TASK STATEMENT → Your copy of the lines below must match them exactly and contain no images.

DATASET EXTRACT →
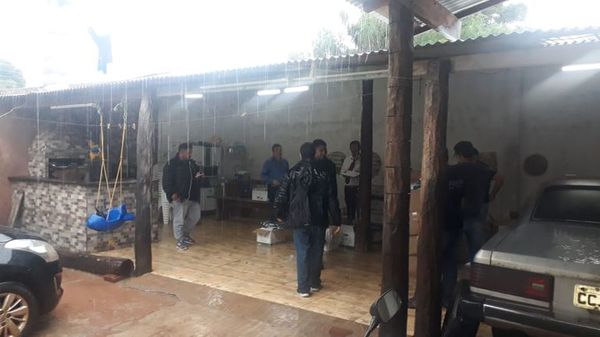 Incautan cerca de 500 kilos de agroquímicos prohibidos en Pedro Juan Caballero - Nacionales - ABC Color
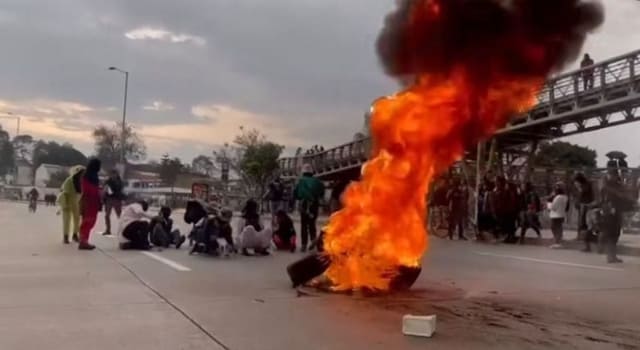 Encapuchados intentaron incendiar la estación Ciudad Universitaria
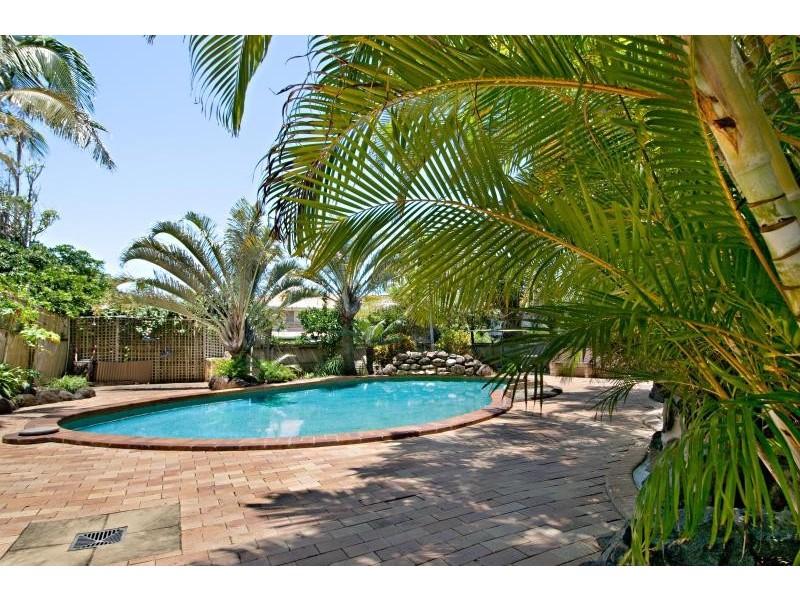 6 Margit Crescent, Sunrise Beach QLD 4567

YOUR SOLUTION →
 Incautan cerca de 500 kilos de agroquímicos prohibidos en Pedro Juan Caballero - Nacionales - ABC Color
 Encapuchados intentaron incendiar la estación Ciudad Universitaria
 6 Margit Crescent, Sunrise Beach QLD 4567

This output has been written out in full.